Idaho Mother On Bath Salts Tried To 'Baptize' Baby In Ditch: Cops

Cops said she admitted to injecting herself with bath salts and prescription drugs.

An Idaho woman faces felony and misdemeanor child abuse charges after police said they found her trying to "baptize" her baby in a ditch.

Regina Dilworth, 22, was reportedly high on bath salts and prescription painkillers when Nampa police arrested her on the morning of Aug. 1.

Police said she'd submerged her 9-month-old son in a drainage ditch, and told officers that she had to "baptize" the baby because a voice told her the child was possessed and that she needed to "find God," according to court documents obtained by KTVB.

Dilworth admitted to injecting herself with a homemade drug cocktail of bath salts and the prescription painkiller Dilaudid the night before the incident, the Idaho Statesman reported. Police said the drugs made her delusional.

Regina Dilworth faces child abuse charges.

Regina Dilworth faces child abuse charges.

Credit: Nampa Police

"We learned that a Good Samaritan, actually several Good Samaritans, had made contact with Regina," Nampa Police Sgt. Jason Cantrell told KTVB. "Regina was making weird statements and was incoherent when she was communicating with people who were out and about at that time of morning."

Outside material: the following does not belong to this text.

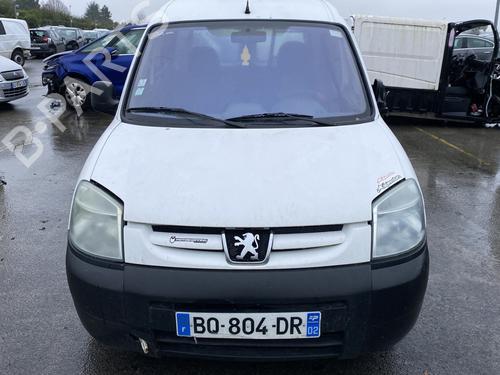 Engine control unit (ECU) PEUGEOT PARTNER Box Body/MPV (5_, G_) 1.9 D | BP26527784M57 - Image 19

Witnesses said Dilworth was carrying her 9-month-old son as her 4-year-old daughter followed her. She approached a random person in a yard and asked the stranger to take her daughter and "save my girl." A concerned passerby followed the woman to the drainage canal and saw her put the baby under the water.

The passerby jumped in and took the baby from Dilworth, while others took hold of the mother and called police.

At a court appearance Monday, Dilworth's public defender asked that she be evaluated by a mental health professional. She's currently held on $50,000 bond, and her children have been placed in protective custody with the state.

Her mother, Rosie Dilworth, told the Idaho Statesman that her daughter was an A-student before she "got entangled in the wrong crowd and it led her down the wrong road.”

Rosie Dilworth blames the state for not getting her daughter access to the help she may have needed.

"I feel like the system has failed my daughter," she said. "If she had a drug problem, they didn’t push the issue. They didn’t force her to go into rehab. They didn’t force her to get help."